_Listed records:_
* * * * *

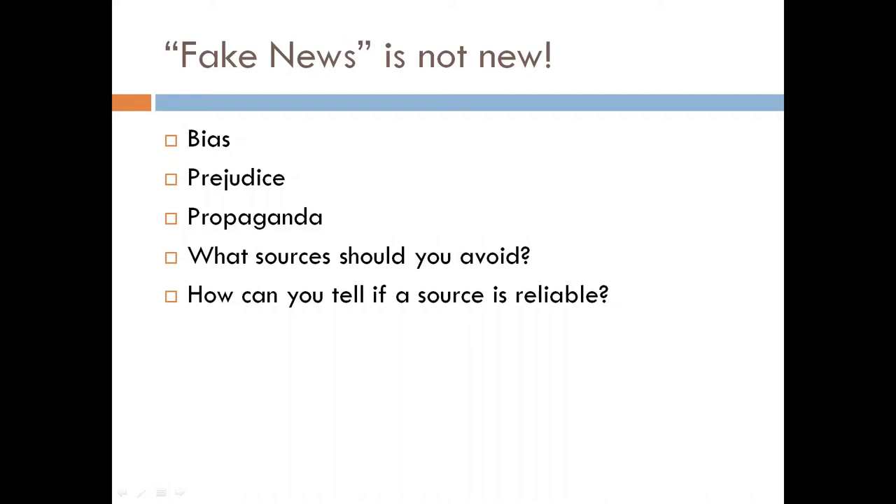What these words really mean is that when you are looking at sources, remember that the people who wrote, spoke or made them were just like people today and could be wrong sometimes. Some people have a certain point of view, like or dislike a group of people, they might deliberately leave out information, or they might be trying to convince you about something.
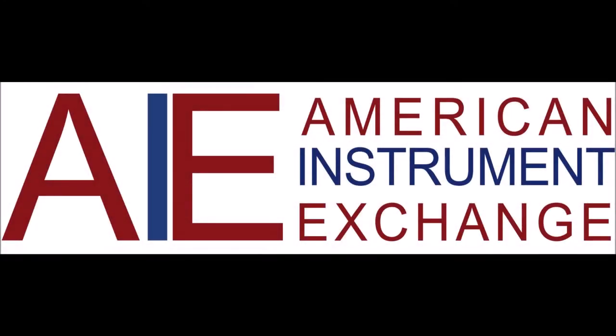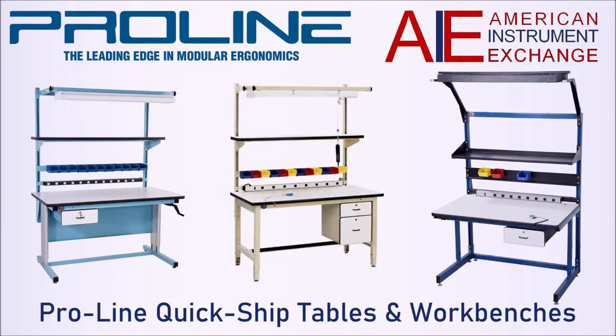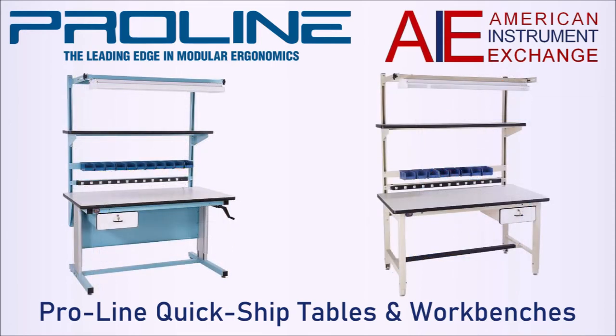American Instrument Exchange has been a reliable source for used laboratory and scientific equipment since 1969. All lab equipment listed on our website is in stock and ships from our 30,000-square-foot warehouse in Haverhill, Massachusetts. Our facilities include a fully equipped shop with highly trained technicians who thoroughly test each instrument before it reaches your laboratory.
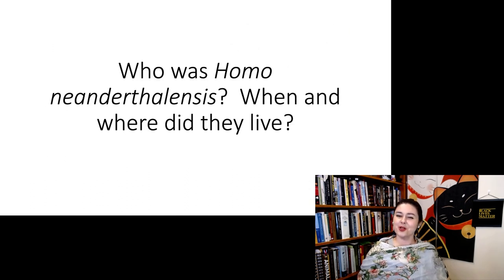So, can you explain: who is Homo neanderthalensis, and when and where did they live?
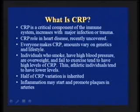Individuals who smoke, have high blood pressure, are overweight, or fail to exercise all have higher levels of CRP, whereas young athletic people have lower levels. But half of the CRP level is determined by inheritance or genetics, so even if you are young and healthy and don't smoke, you can still have a high CRP. Inflammation may also start and promote the plaquing process, which is really part of the whole vascular problem we're concerned about.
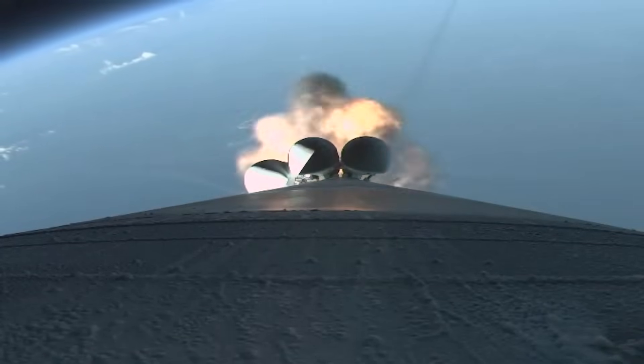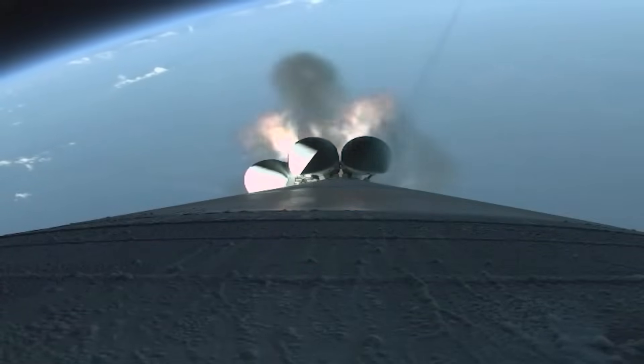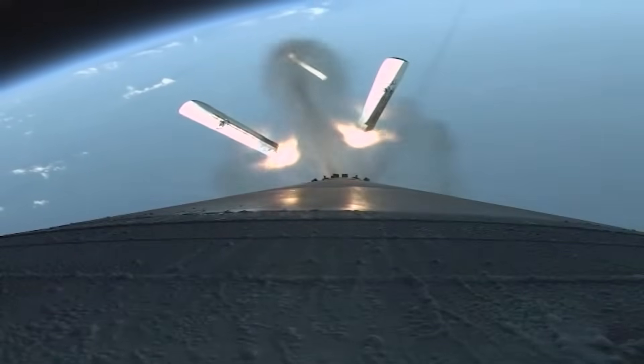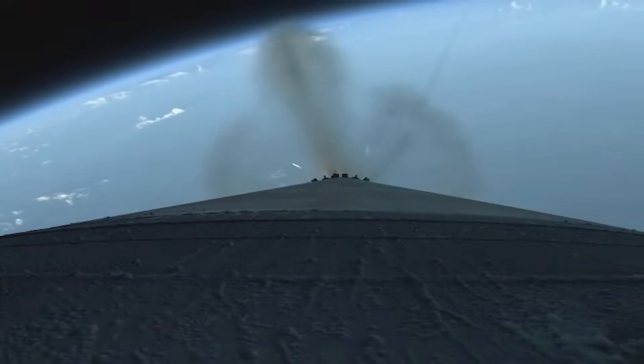Good indication of SRB burnout. Engine response continues to look good. Preparing for SRB jettison. Vehicle throttling back up to full power. We've got good indication of separation of all five SRBs. Hydraulics continue to look good. Body rates looking as expected.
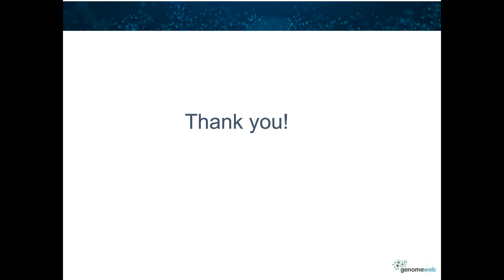Thank you, Dr. Sivasabu, for that excellent presentation. And thank you again to our sponsor, Illumina, for making this presentation possible.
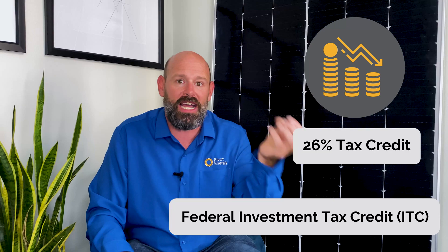One of the juiciest tax incentives is the federal investment tax credit. With this credit, system owners can secure a 26% reduction in their tax liability based on the total project cost for projects that start before the end of 2022. If you want to learn more about each financial incentive, watch our other video linked in the description below.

* * * * *

_Assignment:_
Set down exactly and only the lines from the start of the entries above through the line containing "Thank you, Dr.", both ends included, omitting the pictures.

_Solved problem:_
What these words really mean is that when you are looking at sources, remember that the people who wrote, spoke or made them were just like people today and could be wrong sometimes. Some people have a certain point of view, like or dislike a group of people, they might deliberately leave out information, or they might be trying to convince you about something.
American Instrument Exchange has been a reliable source for used laboratory and scientific equipment since 1969. All lab equipment listed on our website is in stock and ships from our 30,000-square-foot warehouse in Haverhill, Massachusetts. Our facilities include a fully equipped shop with highly trained technicians who thoroughly test each instrument before it reaches your laboratory.
So, can you explain: who is Homo neanderthalensis, and when and where did they live?
Individuals who smoke, have high blood pressure, are overweight, or fail to exercise all have higher levels of CRP, whereas young athletic people have lower levels. But half of the CRP level is determined by inheritance or genetics, so even if you are young and healthy and don't smoke, you can still have a high CRP. Inflammation may also start and promote the plaquing process, which is really part of the whole vascular problem we're concerned about.
Good indication of SRB burnout. Engine response continues to look good. Preparing for SRB jettison. Vehicle throttling back up to full power. We've got good indication of separation of all five SRBs. Hydraulics continue to look good. Body rates looking as expected.
Thank you, Dr. Sivasabu, for that excellent presentation. And thank you again to our sponsor, Illumina, for making this presentation possible.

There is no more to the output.